** Opening DATA TO PROCESS block **
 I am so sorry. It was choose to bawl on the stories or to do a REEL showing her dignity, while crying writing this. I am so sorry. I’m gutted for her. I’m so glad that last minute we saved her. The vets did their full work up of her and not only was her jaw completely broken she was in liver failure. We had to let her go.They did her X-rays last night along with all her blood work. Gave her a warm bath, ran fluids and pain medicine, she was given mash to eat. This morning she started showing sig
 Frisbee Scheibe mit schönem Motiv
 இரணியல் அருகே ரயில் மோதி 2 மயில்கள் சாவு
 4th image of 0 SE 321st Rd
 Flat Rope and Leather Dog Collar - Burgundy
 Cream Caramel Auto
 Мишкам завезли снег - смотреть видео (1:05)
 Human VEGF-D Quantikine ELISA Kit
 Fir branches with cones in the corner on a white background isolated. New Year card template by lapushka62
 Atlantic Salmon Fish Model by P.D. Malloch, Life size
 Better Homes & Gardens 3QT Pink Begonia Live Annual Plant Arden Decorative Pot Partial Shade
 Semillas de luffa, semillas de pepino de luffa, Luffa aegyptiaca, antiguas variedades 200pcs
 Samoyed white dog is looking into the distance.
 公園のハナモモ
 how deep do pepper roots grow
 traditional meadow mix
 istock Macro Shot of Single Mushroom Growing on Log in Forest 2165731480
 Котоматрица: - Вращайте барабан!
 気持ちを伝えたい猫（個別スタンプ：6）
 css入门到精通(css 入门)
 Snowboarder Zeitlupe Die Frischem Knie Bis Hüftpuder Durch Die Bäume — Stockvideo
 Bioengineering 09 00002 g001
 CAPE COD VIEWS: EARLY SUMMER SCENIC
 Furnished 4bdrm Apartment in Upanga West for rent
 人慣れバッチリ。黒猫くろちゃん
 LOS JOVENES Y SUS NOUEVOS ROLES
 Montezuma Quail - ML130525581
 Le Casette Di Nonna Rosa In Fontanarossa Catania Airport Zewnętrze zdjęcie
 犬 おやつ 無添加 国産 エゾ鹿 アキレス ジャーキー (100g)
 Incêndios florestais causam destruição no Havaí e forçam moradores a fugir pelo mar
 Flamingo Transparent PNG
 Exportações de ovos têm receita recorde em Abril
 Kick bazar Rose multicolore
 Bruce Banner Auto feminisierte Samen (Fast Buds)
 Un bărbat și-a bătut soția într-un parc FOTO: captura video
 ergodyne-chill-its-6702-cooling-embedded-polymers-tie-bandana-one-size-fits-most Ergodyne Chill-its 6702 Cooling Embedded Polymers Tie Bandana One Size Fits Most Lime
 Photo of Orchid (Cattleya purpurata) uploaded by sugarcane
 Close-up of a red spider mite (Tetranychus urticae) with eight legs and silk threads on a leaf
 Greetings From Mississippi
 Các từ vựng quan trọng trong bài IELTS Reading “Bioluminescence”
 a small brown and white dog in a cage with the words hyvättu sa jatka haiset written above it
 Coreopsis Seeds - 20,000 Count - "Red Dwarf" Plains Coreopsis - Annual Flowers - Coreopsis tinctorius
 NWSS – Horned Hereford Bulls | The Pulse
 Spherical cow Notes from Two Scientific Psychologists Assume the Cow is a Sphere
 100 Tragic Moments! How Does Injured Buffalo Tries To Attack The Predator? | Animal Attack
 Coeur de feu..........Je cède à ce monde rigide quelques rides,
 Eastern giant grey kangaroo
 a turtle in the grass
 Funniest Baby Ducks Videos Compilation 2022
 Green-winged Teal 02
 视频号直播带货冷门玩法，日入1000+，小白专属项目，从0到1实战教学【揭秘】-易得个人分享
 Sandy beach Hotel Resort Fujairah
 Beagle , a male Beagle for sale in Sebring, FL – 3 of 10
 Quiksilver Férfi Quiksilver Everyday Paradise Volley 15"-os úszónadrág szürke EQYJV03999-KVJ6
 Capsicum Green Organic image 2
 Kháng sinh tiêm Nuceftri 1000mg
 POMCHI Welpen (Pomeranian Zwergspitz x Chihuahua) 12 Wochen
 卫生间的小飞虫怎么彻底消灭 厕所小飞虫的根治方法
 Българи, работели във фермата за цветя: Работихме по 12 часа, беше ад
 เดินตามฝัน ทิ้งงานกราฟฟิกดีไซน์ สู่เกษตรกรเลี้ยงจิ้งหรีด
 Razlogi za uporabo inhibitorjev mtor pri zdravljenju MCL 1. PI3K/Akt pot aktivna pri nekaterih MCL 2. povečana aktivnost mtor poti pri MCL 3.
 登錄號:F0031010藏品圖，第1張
** Closing DATA TO PROCESS block **
## TASK BRIEF
Please write out, exactly as they appear above, only the lines in the stretch from the line with "Flamingo Transparent PNG" through the line with "Photo of Orchid".

## THE ANSWER
 Flamingo Transparent PNG
 Exportações de ovos têm receita recorde em Abril
 Kick bazar Rose multicolore
 Bruce Banner Auto feminisierte Samen (Fast Buds)
 Un bărbat și-a bătut soția într-un parc FOTO: captura video
 ergodyne-chill-its-6702-cooling-embedded-polymers-tie-bandana-one-size-fits-most Ergodyne Chill-its 6702 Cooling Embedded Polymers Tie Bandana One Size Fits Most Lime
 Photo of Orchid (Cattleya purpurata) uploaded by sugarcane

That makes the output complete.